Pundits missed the seismic shift in voting as the EFF numbers surged

IN 2014 I took up my first invitation to be an analyst for a major television station on the 2014 national elections.

It was also my last ever stint as a TV analyst because of how absurd the televisions soundbyte format is to discuss long-ranging system social questions.

Behind the scenes, the TV station was also making decisions about how frequently to switch between the Oscar Pistorius trial and the national elections.

Because of the chase for ratings, I spent a long time idling in the make-up room with the make-up artist trading conspiracy theories around the Pistorius’ motives.

Now I had had to travel all the way up to Pretoria, along with a breastfeeding nine-month-old and an in-law to help me, and found myself idling over four days around the Independent Electoral Commission’s elections centre.

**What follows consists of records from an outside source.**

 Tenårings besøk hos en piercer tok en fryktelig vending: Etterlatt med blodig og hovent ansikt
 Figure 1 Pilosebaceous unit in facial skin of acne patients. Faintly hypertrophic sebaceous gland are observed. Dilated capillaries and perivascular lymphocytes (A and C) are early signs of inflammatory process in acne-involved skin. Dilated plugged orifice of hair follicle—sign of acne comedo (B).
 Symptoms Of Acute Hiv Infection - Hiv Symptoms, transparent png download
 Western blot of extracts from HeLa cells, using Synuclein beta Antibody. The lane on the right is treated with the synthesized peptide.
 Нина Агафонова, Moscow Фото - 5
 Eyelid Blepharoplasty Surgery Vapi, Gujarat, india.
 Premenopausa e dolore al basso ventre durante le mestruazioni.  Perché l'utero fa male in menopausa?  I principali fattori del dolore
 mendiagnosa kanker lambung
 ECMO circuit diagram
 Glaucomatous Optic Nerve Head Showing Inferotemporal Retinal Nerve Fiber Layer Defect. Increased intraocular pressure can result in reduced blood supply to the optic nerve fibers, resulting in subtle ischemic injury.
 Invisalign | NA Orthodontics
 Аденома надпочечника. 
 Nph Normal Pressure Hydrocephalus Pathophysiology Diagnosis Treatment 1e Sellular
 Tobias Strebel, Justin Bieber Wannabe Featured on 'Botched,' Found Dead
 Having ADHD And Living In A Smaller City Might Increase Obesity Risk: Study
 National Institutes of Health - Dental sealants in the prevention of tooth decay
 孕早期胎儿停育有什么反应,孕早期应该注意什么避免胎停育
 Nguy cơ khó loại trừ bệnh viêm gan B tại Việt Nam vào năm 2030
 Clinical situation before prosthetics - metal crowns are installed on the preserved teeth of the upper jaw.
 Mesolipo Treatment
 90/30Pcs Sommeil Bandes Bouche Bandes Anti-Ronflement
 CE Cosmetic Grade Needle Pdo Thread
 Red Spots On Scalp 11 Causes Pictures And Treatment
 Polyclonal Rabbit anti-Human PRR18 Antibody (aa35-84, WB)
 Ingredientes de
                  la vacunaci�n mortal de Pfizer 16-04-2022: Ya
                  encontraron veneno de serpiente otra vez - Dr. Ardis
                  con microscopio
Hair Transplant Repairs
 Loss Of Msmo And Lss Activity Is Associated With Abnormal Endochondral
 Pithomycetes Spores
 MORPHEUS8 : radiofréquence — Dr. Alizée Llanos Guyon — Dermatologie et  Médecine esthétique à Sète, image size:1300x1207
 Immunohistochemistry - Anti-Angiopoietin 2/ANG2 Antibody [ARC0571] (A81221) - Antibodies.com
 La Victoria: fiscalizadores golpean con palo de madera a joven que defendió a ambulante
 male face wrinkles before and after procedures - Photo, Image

Well what the station felt was a lacklustre, uninteresting election, compared to the Oscar trial, happened to be the debut election of the Economic Freedom Fighters where they captured 1.1 million votes.

So now in the few moments we actually discussed the election, the most memorable moment was one in which I found myself sitting alongside a famous professor who barely looked my way.

The famous television anchor asked us some clichéd question along the lines of “what patterns do you see emerging here” and since I was sitting next to the big prof I thought well perhaps we might just get into some actual social analysis.

Because I was an undergraduate teacher, I had felt a palpable mood of discontent and intellectual restlessness among so-called “born frees” and there the big election count board was showing us that this party of young people was looking to grab a million votes.

So within my allocated byte-size minutes I tried to explain that what we were witnessing here was a generational shift in South Africa, that the real story here would be in 2019.

By pure demographic shifts, it was clear that the EFF was going to lead to a major contestation over the political hegemony within the next five years.

Without so much as turning my way, and without the slightest bit of hesitation, the big prof looked at the anchor and said “Oh that’s an exaggeration, it’s not going to happen. People are always predicting the demise of the ANC and it’s just exaggerated.”

And then poof, the time was up, and back to the Oscar trial we went.

The prof got it wrong not because he does not understand South African political culture broadly, but because he could not perceive that what seemed like a small shift on the margins, in the form of the EFF, was actually the front end of the generational replacement that is happening in the country.

The generation born in the late 70s, 80s and 90s is now the biggest influence on the political direction of this country.

It is people of the age range of Andile Mngxitama (Black First Land First), Julius Malema (EFF) or Mbali Ntuli (Democratic Alliance), Naledi Chirwa (EFF) and many others who will have the strongest bearing on the political culture of South Africa.

These are my peers and even though we ‘70s-90s’ don’t have control of the institutional mechanisms in the short term, the long game belongs to us.

I watch the about-to-retire generation in our institutions sitting on top of major contradictions as if they will always be in power.

Every institutional leader in South Africa must ask themselves, ‘am I confident that I will hand over a healthy institution to a future generation?’

More specifically in my own sector, higher education, do our administrators and leaders feel confident that their curriculums and the graduates that walk across the stage each year are going to be able to run the country and its economy when they are in retirement?

Our elders need to realise that their retirement future is in our hands.